The Bronx Democratic Party backed Bill de Blasio for mayor yesterday, hoping their seal of approval would carry Mr. de Blasio further than the last Bill they endorsed–vanquished contender Bill Thompson–who conceded the race on Monday.
“Last time we elected a Democratic mayor of the City of New York, I was in college,” reflected Assemblyman Carl Heastie, chair of the Bronx Democratic Party, during a press conference in the northeast Bronx. “There’s some serious issues that are a concern not only to the city but more importantly to the Bronx and Bill [de Blasio] spoke to those issues. And we’re here to make sure the Bronx is united on this journey with him.”
The party, including Bronx Borough President Ruben Díaz Jr., had campaigned enthusiastically for Mr. Thompson, appearing at rallies and senior centers with the former comptroller and unleashing biting criticism against Mr. de Blasio as Election Day neared.
But Mr. Díaz, like Mr. de Blasio, preached the message of Democratic unity as he stood surrounded by a coterie of Bronx pols in front of the Eastwood Manor.
“We’re calling on all Democrats, all Democrats from the Bronx and the City of New York tonight to unite around Bill de Blasio,” said Mr. Díaz, suddenly embracing Mr. de Blasio’s talking points. “We did so because of Bill’s message of inequality, Bill’s message of many New Yorkers being left behind, in many ways those that you see standing with us today, the Bronx elected officials, we represent a good deal of those individuals in New York who have been left behind.”

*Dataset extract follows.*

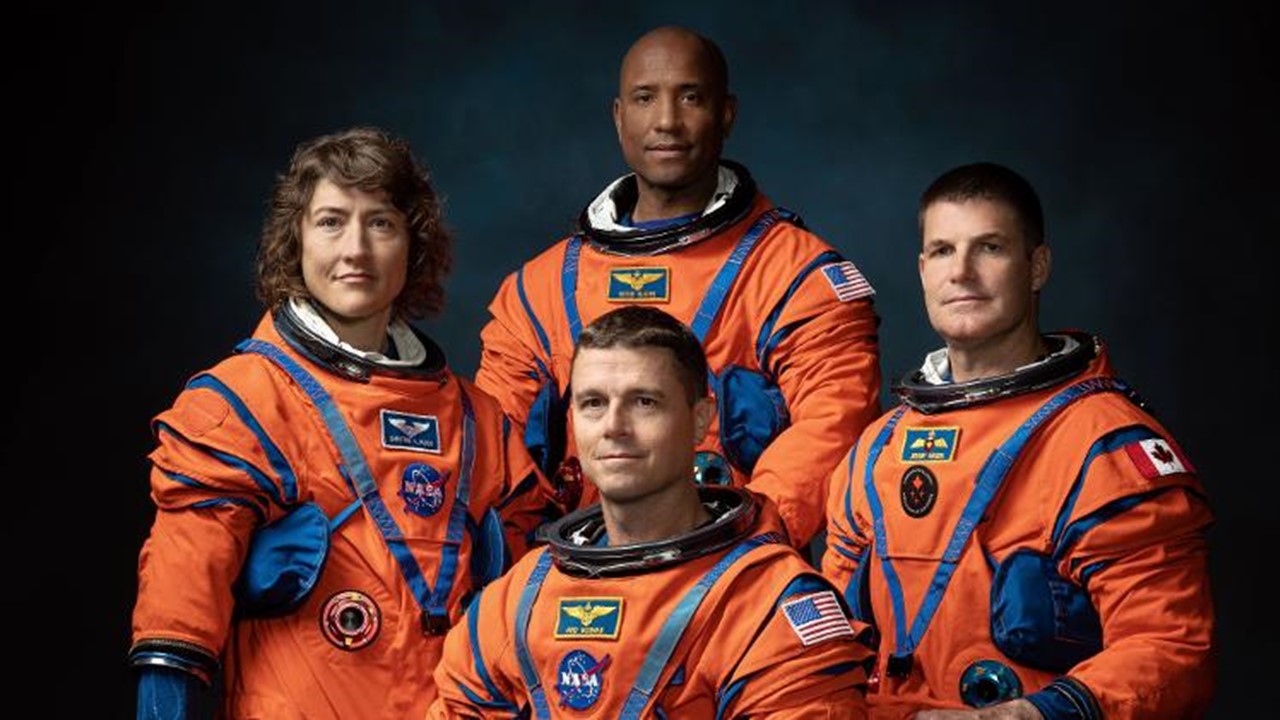 NÃO SUBIU: Vazamento em teste adia Artemis 2, missão que levará astronautas à órbita da Lua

The county is just the latest of many groups that have flipped their support to Mr. de Blasio since last Tuesday’s primary win. The Democratic county organizations, diminished in power from their 20th century heyday, had snubbed Mr. de Blasio in the first round, with the most powerful operations–Queens, Brooklyn and the Bronx–going for Mr. Thompson or the third-place finisher, Council Speaker Christine Quinn. Nonetheless, Mr. de Blasio, now the front-runner in the general election, had only kind words for the party machinery that once rejected him.
“Look, the primary and general election are two different things and I want to say clearly that I’m really moved and appreciative of the kind of unity we’ve seen in the last few days in the Democratic Party,” Mr. de Blasio insisted. “As Democrats, we’ve also seen what it looks like when we’re not unified in the general election. A lot of bad things happened to this city as a result of that.”
Mr. de Blasio faces Republican Joe Lhota and a slate of independent candidates in the November election.